── Data ──

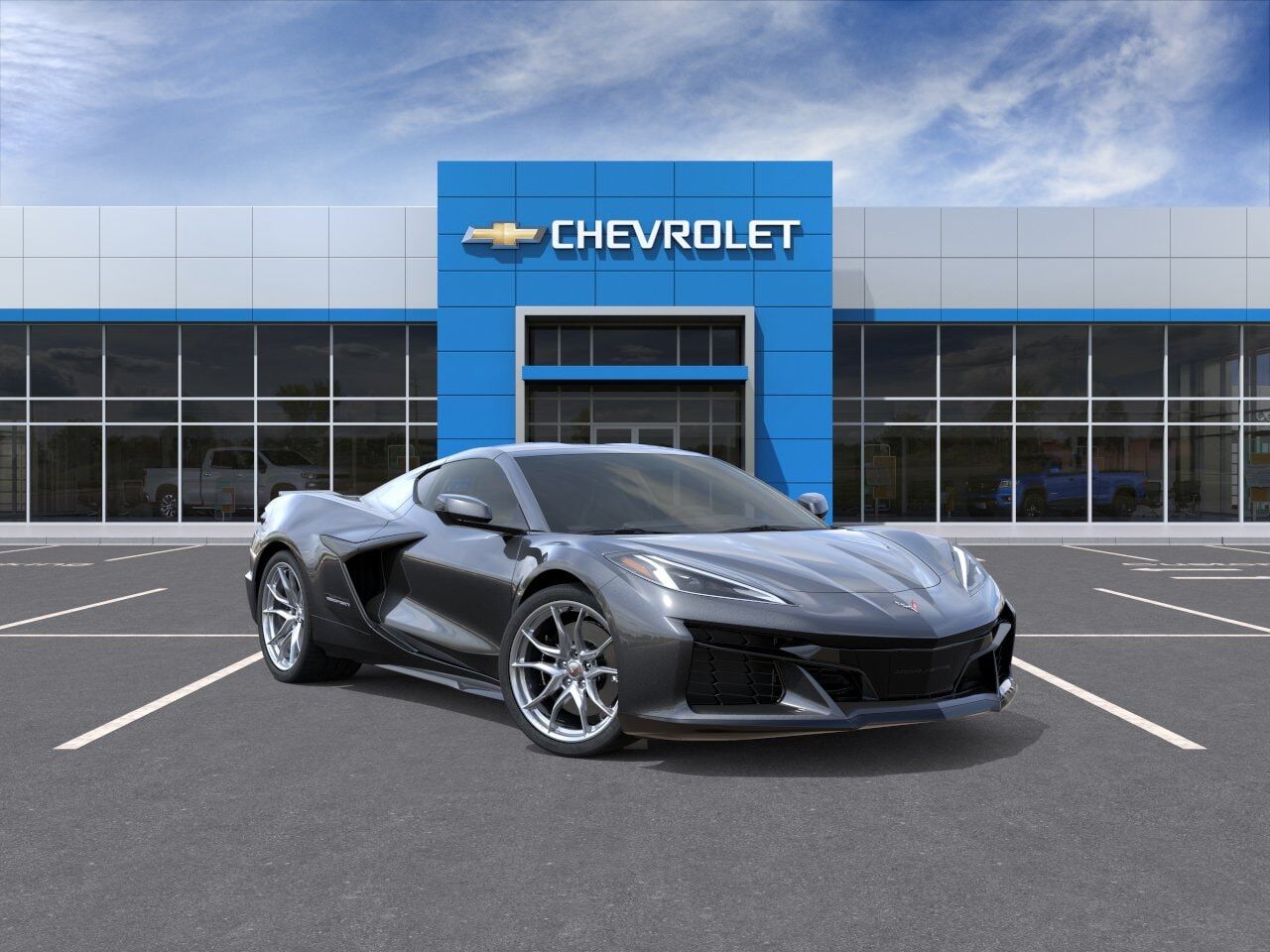 2027 CHEVROLET Corvette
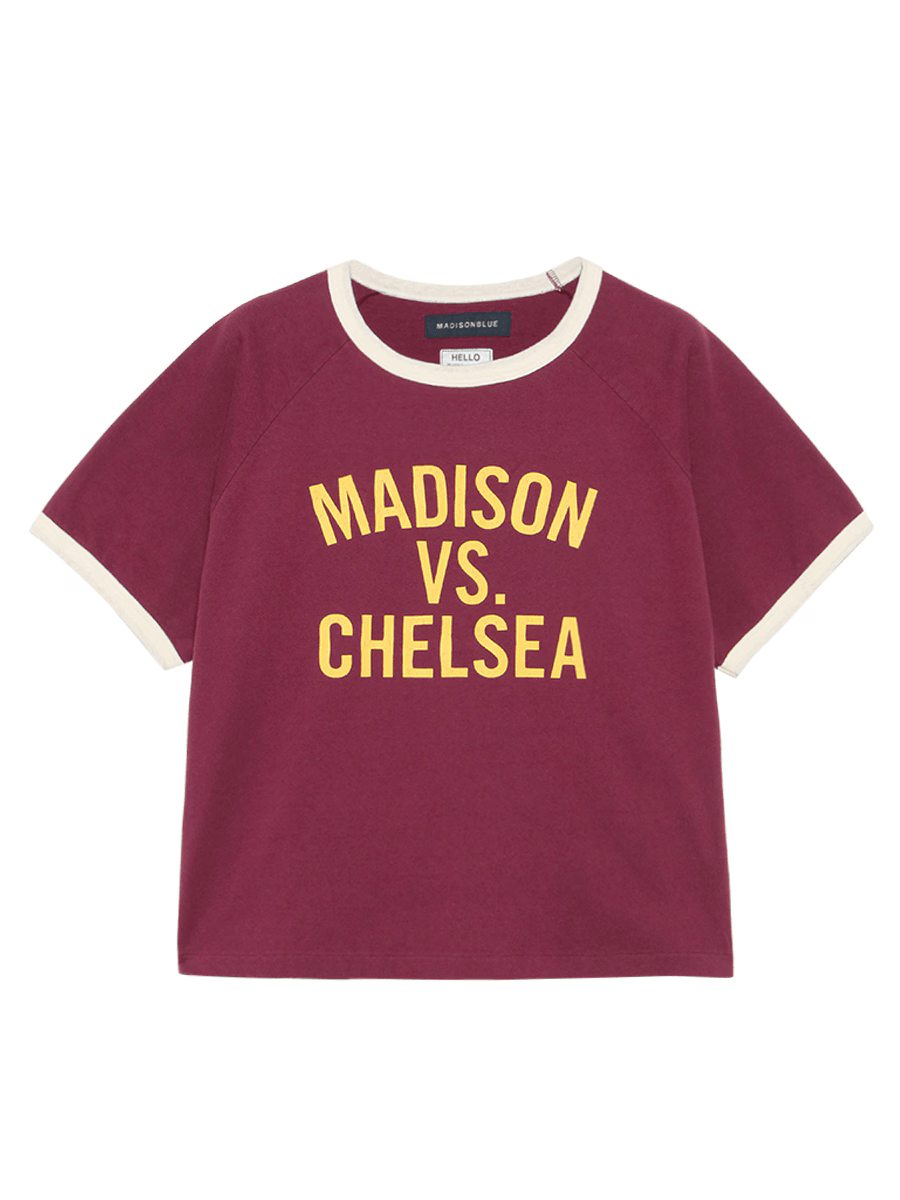 MADISON BLUE H/S RINGER TEE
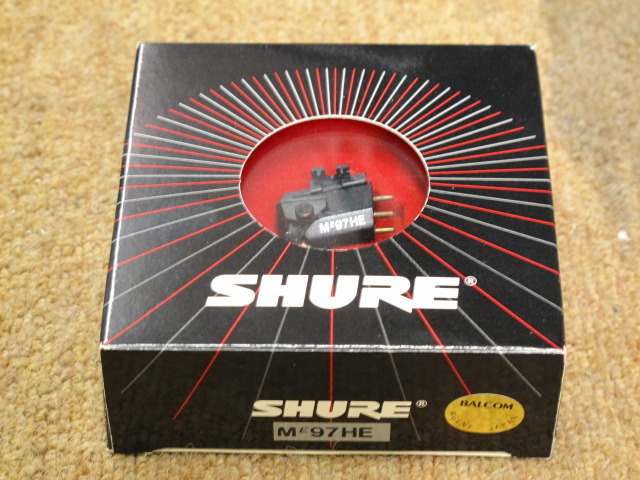 ME97HE SHURE - 中古オーディオ 高価買取・販売 ハイファイ堂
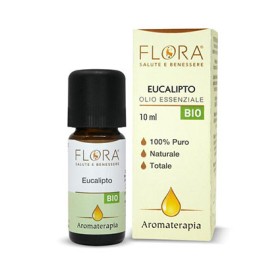 Flora Eucalipto Olio Essenziale Bio 10 Ml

───

The task: Copy exactly the lines from the line holding "MADISON BLUE H/S RINGER TEE" to the final line of the listing, and leave the pictures out.

Answer for this exercise:
 MADISON BLUE H/S RINGER TEE
 ME97HE SHURE - 中古オーディオ 高価買取・販売 ハイファイ堂
 Flora Eucalipto Olio Essenziale Bio 10 Ml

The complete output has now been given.